Mika, who has reclaimed her ex-husband by killing off her
competition, is insanely manipulative, and there’s something perversely comic
in her family’s complete obliviousness to her machinations. They usually just
sit in the background while she goes about plotting against them, and even go so
far as to provide musical accompaniment for their own spiraling fate in the form
of a funeral march. The movie gains whatever momentum it musters not from the
accumulation of peril or the realization that Mika’s doing what she is, but
instead from the gradually revealed hints about what it is that makes her tick.

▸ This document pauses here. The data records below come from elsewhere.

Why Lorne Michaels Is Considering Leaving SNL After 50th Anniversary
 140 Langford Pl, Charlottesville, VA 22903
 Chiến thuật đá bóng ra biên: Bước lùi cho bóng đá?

She’s always preternaturally chipper, and blatantly says, “Keeping up
appearances is all that counts.” Her dogma is that “people shouldn’t
suffer” and she seems to be entirely willing to dull the pain of those around
her to the point where they can’t feel anything. She takes the weight of the
world upon her shoulders, running her family’s chocolate business (the film
takes a moment to point out that chocolate releases endorphins that make you
happy) and still finding time to dote on her fully-grown stepson. The movie
tosses out some shallow excuses for this behavior, but I’m not sure we’re
really supposed to buy them. They seem to be fairly poor excuses for her
perversity, especially in a film that so melodramatically inflates the
importance of one’s parentage. What Chabrol’s trying to tell us exactly with
this study of Mika’s perversity, I can’t say, but I certainly found Merci
Pour le Chocolat to be a wry examination of the world that let her carry on
unchecked.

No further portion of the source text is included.